Rules
Added clarification regarding the use of data augmentation and data supplementation to increase the training data.
1. Teams
- Teams must pre-register and nominate a contact person.
- Teams can be from one or more institution.
2. Transparency
- Anonymous entries are allowed.
- Teams must provide a technical document of up to 2 pages describing the system/model and any external data and pre-existing tools, software and models used.
- We will publish all technical documents (anonymous or otherwise).
- Teams are encouraged to make their code open source.
3. What information can I use?
Official data
: refers to the training dataset generated by using the providedscenes.tran.json
file.Data augmentation
: refers to the use of techniques like, such as randomizing the stems, flipping right and left channels, applying SpecAugmentation, pitch shifting, etc.Supplememented data
: refers to the use of additional music samples. This can be by generating extra training data using MUSDB18; or the use of MedleyDB, BACH10, or FMA.
3.1. Training and development
- There is no limit on the amount of training data that can be generated using our tools and the provided training data sets.
- You may not use other datasets.
- You can only use pretrained models that have been developed with public databases such as the training split of MUSDB18-HQ. You must not start with models pretrained on private datasets.
- All the audio or metadata can be used during training and development.
- You must not use the evaluation data set for training or tuning the system.
- Teams that decide to use data augmentation and/or supplemented data must:
- Using data augmentation: submit 2 systems, one without the augmentations and one with the augmentations.
- Using supplemented data: submit 2 systems, one without the supplemented data and one with the supplemented data.
- Using both augmentation and supplemented data: submit four systems, one only with the official data, one with the supplemented data, one with the data augmentation and one with both supplemented and data augmentation.
- Systems using the data augmentation and/or the data supplementation will be scored and ranked in the challenge.
- Systems trained using any other source for data supplementation not explicitly mentioned here will not enter the ranking.

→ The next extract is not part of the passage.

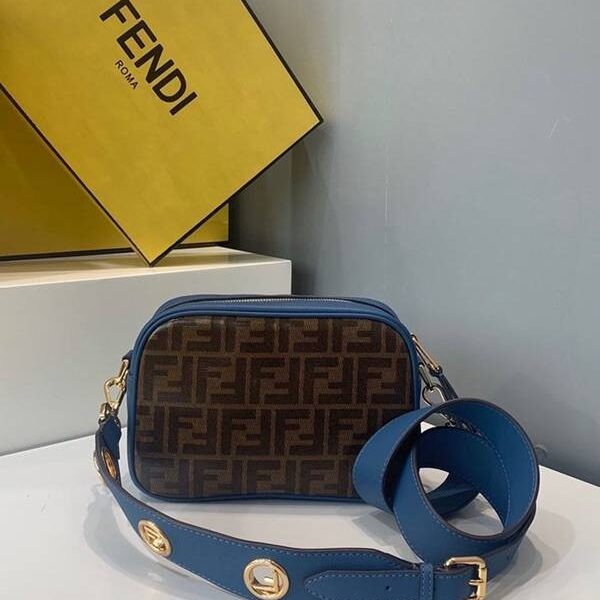 奢侈品1：1芬迪頂級原單單肩斜挎包進口小牛皮fendi-11763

Official data | Official data + supplementation | |
---|---|---|
Official data | All teams must submit | Optional submission |
Official data + augmentation | Optional submission | Optional submission |
3.2. Evaluation
The only data that can be used during evaluation are:
- The audiograms giving the listener characterisation for personalisation.
- The target gains.
- The stereo music input signals to the hearing aid.
4. Computational restrictions
- Systems must either be:
- causal and low latency to allow them to work with live music, or
- non-causal, for use with recorded music.
- The latency restrictions for causal entries are that the output from the hearing aid at time t must not use any information from input samples more than 5 ms into the future i.e., no information from input samples >t+5 ms. See this blog post from our sister Clarity project for more.
- There is no limit on computational cost, but entrants must report model size.
- Teams must start with the baseline, with the blocks that can be changed labelled Enhancement
- While HAAQI is being used for evaluation, other metrics and approaches can be used by the teams during training.
5. Submitting multiple entries
This will be allowed if different approaches are used.
6. Evaluation of systems
- Music: we will use the MUSDB18-HQ's evaluation set which is made up of 50 songs. We will ask teams to submit defined 10 second segments from the remixed stereo for each track.
- Gains: We will provide metadata giving the target mix for the VDBO tracks for the evaluation.
- Listener audiograms: we will use 50 real measured audiograms that we have been collected.
Entries will be ranked according to average HAAQI score across all signals in the evaluation dataset. We will also report whether the systems are causal or non-causal in the rank order table and model size.
7. Intellectual property
The following terms apply to participation in this machine learning challenge (“Challenge”). Entrants may create original solutions, prototypes, datasets, scripts, or other content, materials, discoveries or inventions. Entrants retain ownership of all intellectual and industrial property rights (including moral rights) in and to these.
The "submission" constitutes the audio files submitted to the challenge and the accompanying technical report.
The Challenge is organised by the Challenge Organiser.
As a condition of submission, Entrant grants the Challenge Organiser, its subsidiaries, agents and partner companies, a perpetual, irrevocable, worldwide, royalty-free, and non-exclusive licence to use, reproduce, adapt, modify, publish, distribute, publicly perform, create a derivative work from, and publicly display the Submission.
Entrants provide Submissions on an “AS IS” BASIS, WITHOUT WARRANTIES OR CONDITIONS OF ANY KIND, either express or implied, including, without limitation, any warranties or conditions of TITLE, NON-INFRINGEMENT, MERCHANTABILITY, or FITNESS FOR A PARTICULAR PURPOSE.